芽吹きの時期の草姿が、山菜のギョウジャニンニクと似ていることから誤食による事故が後を絶ちません。
通常栽培する分には問題ありませんが、食用とされる植物との混植は避け、掘り上げた球根は野菜と別の場所で保管するなどの配慮が必要です。
ちなみにイヌサフランには、ギョウジャニンニクのようなニンニク臭はありません。
イヌサフランの原種
イヌサフラン(Colchicum autumnale)

ヨーロッパからウクライナにかけて分布しています。
草原や牧草地、森林の開けた場所や林縁などに自生しています。
幾つかの園芸品種があり、広く栽培されています。
コルチカム・スペシオサム(Colchicum speciosum)

トルコ、イランの他、コーカサス地方に分布しています。
分布域は主に山岳地帯にあり、牧草地や草原、落葉樹林などに自生しています。
こちらも園芸品種が広く栽培されています。
イヌサフラン(コルチカム)の育て方

栽培環境
日当たりが良く、水はけが良い場所が適しています。
花を咲かせるだけであれば、土や水がない状態で机の上などに置いておくだけでも開花します。

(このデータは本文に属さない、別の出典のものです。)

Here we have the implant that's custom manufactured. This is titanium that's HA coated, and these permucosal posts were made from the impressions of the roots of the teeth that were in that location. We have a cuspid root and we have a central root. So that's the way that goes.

蕾が出始めたら日の当たる場所に置いて花を楽しんで下さい。
翌年も花を咲かせるためには、花を楽しんだ後に花壇や鉢に植えて球根を太らせます。
冬越し、夏越し
耐寒性、耐暑性が高く、特に対策の必要はありません。
夏の間は葉が枯れて休眠期になるので、鉢植えの場合は、雨の当たらない場所に移動して管理して下さい。

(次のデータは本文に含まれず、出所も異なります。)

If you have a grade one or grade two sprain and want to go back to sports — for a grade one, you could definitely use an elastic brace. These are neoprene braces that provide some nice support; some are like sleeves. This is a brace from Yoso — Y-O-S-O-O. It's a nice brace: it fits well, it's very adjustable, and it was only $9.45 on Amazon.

球根を掘り上げない場合は、葉が枯れたら取り除きます。
水やり
庭植えの場合は、ほぼ降雨のみで大丈夫です。
鉢植えの場合は、秋から春までの間、用土の表面が乾いたらたっぷりと水やりをして下さい。
春を過ぎて葉が枯れ始めたら、徐々に水やりの回数を減らし、休眠期に入ったら水を絶ちます。
肥料
比較的肥料を好む植物です。
庭植え、鉢植え共に、植え付けの際に元肥として堆肥や緩効性化成肥料を混ぜ込んでおきます。
追肥は春の3月~4月、秋の9月~10月に緩効性化成肥料を置き肥するか、液体肥料を施して下さい。
植え付け
適期は9月頃です。
庭植えの場合は、用土に腐葉土を混ぜ込んで水はけの良い環境を作って下さい。
さらに元肥として、堆肥や緩効性化成肥料を混ぜ込んでおきます。
深さは10㎝程度、株間は15~20㎝程度です。
鉢植えの場合は、市販の草花用培養土に川砂を2割ほど混ぜたものを使うか、赤玉土(小粒)5・腐葉土3・川砂2などの配合土に緩効性化成肥料を混ぜて土を作ります。
5~6号鉢に1球が目安で、深さは3~5㎝程度です。
球根の掘り上げ
球根は毎年掘り上げる必要はありません。
球根は毎年分球して増えていくので、増えすぎているようなら、掘り上げて植え替えて下さい。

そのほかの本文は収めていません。